Proving that every real polynomial of odd degree have at least 1 real root with FTA

Question

I was trying to prove the statement with FTA as in the question.

The idea of some proofs I found [1] was by stating that the root of the polynomial P(x) must go in conjucate pairs. Since P(x) has only non real roots this will be contradictory by FTA as P(x) has precisely as many roots (counted with multiplicity) as its degree while the number of roots P(x) has is even.

But how can we be sure about the multiplicity of the complex roots? If the parity of the multiplicity of a root is different to its conjucate, the sum of the multiplicity count of this pair is not even and the proof won't hold..

How can we fix this?

Reference:[1] Proof that every polynomial of odd degree has one real root

Answer 1

If the parity of the multiplicity of a root is different to its conjucate,

Well that's simply a false premise.

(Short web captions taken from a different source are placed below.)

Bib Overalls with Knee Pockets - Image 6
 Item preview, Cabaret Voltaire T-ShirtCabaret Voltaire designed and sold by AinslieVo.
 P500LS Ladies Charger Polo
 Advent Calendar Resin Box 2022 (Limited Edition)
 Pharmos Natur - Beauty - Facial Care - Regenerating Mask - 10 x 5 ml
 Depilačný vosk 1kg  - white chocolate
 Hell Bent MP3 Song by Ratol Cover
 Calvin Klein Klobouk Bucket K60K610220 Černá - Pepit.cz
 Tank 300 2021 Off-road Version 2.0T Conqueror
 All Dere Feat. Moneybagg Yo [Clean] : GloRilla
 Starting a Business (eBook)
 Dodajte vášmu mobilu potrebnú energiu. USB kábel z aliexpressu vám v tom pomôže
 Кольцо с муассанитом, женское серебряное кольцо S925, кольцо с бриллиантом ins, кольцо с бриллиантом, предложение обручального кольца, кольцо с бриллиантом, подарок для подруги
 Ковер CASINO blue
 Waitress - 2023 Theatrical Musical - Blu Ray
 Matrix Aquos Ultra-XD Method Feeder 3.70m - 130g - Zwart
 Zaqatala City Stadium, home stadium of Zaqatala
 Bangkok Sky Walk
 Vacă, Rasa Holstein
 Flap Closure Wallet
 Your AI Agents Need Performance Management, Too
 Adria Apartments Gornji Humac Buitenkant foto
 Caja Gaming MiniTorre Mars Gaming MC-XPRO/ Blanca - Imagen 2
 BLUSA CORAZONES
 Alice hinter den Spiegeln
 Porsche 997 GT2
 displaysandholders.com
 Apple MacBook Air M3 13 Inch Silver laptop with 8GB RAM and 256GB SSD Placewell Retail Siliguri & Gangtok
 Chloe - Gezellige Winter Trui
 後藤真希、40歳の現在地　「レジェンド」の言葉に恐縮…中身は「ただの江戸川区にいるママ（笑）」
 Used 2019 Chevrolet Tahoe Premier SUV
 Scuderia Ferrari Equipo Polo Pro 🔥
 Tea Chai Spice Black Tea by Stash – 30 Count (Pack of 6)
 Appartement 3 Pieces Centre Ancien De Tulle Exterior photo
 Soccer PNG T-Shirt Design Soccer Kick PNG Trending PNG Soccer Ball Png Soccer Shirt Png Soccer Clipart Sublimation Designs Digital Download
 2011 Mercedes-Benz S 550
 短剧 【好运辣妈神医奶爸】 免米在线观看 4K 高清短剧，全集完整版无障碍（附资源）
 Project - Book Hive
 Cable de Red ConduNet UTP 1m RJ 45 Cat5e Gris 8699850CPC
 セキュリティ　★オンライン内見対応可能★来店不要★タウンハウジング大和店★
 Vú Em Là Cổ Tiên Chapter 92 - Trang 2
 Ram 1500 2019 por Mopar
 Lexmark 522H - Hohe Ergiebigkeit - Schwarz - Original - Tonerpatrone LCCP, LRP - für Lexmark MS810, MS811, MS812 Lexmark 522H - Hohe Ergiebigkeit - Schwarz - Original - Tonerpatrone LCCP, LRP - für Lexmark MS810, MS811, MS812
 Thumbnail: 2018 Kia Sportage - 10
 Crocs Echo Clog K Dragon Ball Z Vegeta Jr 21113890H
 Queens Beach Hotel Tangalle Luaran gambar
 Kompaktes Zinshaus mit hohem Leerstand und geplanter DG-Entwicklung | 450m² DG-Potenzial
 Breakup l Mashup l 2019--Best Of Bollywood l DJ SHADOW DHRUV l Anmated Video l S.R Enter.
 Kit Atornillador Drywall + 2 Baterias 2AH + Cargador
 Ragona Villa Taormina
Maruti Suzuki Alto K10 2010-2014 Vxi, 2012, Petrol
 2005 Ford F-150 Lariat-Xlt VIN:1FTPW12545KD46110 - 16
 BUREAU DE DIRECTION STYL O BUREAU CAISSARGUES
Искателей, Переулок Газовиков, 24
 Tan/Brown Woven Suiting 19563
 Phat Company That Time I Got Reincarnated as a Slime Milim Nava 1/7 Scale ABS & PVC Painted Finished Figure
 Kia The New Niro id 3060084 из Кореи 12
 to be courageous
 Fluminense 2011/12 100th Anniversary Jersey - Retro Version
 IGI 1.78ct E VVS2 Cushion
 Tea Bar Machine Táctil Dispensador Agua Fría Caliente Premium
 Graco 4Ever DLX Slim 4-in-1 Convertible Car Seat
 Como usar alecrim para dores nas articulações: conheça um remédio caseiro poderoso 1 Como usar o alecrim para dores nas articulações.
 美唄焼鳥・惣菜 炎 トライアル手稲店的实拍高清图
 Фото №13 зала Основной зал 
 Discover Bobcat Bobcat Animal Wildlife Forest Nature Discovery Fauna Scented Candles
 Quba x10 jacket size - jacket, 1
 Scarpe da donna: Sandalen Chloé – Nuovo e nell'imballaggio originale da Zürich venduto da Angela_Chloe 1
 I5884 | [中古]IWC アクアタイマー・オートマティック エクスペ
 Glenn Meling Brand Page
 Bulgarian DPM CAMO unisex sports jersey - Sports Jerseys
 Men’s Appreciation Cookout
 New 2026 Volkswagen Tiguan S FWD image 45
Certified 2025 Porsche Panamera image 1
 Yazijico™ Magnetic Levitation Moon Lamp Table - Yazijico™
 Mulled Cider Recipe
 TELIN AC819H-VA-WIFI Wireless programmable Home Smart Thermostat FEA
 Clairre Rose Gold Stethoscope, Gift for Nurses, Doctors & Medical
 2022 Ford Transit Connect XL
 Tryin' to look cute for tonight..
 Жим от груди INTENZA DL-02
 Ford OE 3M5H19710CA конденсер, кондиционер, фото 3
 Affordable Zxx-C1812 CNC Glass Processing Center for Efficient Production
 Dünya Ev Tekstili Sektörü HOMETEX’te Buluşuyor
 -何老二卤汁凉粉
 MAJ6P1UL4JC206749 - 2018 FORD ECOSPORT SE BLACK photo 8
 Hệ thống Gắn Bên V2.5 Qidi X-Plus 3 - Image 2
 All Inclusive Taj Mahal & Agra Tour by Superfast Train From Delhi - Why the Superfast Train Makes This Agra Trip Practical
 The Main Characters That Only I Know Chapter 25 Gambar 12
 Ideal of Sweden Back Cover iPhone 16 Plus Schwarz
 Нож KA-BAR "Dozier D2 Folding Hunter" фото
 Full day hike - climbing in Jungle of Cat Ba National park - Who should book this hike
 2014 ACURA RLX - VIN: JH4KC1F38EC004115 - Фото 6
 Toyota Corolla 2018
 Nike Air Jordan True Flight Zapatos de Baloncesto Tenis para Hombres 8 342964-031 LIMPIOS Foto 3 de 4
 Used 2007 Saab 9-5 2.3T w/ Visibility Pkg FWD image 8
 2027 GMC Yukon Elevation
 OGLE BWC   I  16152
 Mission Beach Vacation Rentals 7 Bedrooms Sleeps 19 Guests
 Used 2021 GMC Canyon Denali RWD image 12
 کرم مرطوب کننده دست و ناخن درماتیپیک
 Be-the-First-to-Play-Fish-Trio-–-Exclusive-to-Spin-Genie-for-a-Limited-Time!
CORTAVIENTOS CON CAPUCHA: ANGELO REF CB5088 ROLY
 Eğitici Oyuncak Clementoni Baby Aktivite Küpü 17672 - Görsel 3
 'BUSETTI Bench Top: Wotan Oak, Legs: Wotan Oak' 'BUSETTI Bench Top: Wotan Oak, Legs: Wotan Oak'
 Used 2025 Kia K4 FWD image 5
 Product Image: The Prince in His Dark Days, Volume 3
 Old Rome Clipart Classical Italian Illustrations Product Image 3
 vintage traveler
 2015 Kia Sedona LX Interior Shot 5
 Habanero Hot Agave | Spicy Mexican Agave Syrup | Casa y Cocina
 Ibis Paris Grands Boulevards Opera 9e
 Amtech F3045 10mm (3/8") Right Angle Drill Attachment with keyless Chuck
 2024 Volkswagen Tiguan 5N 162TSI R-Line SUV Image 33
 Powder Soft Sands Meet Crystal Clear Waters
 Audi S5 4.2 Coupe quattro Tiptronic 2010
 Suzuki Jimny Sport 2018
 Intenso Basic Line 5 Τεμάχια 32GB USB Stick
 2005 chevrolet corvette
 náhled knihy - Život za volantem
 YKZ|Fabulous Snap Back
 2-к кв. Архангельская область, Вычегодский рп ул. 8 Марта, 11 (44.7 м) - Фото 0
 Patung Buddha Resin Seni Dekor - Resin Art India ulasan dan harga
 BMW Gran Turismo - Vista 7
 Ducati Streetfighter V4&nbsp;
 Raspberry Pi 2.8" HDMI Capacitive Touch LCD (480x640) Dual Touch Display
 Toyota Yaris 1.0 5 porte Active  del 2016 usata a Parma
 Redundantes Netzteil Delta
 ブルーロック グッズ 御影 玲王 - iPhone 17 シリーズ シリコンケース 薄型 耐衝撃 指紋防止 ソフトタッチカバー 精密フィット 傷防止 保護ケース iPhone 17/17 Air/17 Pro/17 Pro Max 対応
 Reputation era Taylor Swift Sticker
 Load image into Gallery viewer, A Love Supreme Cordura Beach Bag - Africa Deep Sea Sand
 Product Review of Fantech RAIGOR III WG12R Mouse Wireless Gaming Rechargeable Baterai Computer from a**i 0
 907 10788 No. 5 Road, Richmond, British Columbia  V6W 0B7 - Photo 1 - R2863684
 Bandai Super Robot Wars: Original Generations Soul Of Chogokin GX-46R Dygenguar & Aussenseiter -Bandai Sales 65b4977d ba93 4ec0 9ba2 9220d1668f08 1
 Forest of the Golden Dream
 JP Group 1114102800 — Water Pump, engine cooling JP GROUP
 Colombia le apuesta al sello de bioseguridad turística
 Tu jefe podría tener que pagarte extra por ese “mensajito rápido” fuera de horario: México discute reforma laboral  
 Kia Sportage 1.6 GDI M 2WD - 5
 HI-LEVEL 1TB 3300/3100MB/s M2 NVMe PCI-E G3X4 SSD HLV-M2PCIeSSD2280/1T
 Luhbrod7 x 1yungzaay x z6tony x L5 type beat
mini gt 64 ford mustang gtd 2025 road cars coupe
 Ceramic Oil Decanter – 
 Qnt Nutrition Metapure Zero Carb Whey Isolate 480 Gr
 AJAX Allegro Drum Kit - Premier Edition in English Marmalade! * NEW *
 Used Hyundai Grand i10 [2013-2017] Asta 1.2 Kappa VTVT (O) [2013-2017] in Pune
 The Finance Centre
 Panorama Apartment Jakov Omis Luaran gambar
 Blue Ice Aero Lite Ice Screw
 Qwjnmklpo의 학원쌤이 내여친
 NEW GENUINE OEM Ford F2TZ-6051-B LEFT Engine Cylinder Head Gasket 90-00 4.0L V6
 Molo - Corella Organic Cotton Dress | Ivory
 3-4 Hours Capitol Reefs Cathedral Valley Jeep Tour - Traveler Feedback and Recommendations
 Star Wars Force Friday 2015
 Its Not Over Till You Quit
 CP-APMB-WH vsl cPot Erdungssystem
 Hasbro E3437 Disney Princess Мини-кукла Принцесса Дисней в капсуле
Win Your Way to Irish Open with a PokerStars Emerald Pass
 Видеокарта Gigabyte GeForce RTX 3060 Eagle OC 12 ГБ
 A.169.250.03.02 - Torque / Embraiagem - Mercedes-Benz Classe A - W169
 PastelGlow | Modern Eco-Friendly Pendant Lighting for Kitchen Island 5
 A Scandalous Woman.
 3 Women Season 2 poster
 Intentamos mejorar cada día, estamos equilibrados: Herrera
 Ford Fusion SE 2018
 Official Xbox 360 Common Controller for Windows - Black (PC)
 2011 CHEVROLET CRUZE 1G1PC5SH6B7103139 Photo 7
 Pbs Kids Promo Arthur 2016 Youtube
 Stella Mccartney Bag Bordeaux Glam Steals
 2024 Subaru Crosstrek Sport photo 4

Did you try to find even one example like that?

What you should do is show when $(x-r)^k$ is a factor of a polynomial with real coefficients, $(x-\overline{r})^k$ is also a factor of the polynomial and vice versa. That implies $r$ and $\overline{r}$ have the same multiplicity as roots of a polynomial with real coefficients.

Answer 2

I assume you know the complex conjugate root theorem of polynomials. That is, if $z$ is a zero to $f(x)$, then $\bar{z}$ is also a zero. This theorem only tells the existence, but none are related to its multiplicities. Therefore you need some efforts to show that the multiplicity of $(x-z)$ and $(x-\bar{z})$ are same in $f(x)$.

Let $\alpha$ be the multiplicity of $(x-z)$ in $f(x)$, $\alpha\in\mathbb{N}$. Then by factor theorem, $f(x)=g(x)(x-z)^\alpha$ with $g(z)\ne0$. By complex-conjugate root theorem, we know $g(\bar{z})=0$, so we can write $$f(x)=h(x)(x-z)^{\alpha-1}(x-z)(x-\bar{z})\quad\text{with $h(z)\ne0$}$$ Now we can inductively apply the complex conjugation root theorem on $h(x)(x-z)^{\alpha-1}$, to show that it will have a factor of $(x-\bar{z})$, for $\alpha$ times in total. Note that we cannot go for more than $\alpha$ times because those $h(x)$ polynomials does not have $(x-z)$ as factor. This shows the multiplicities of $(x-z)$ and $(x-\bar{z})$ are the same.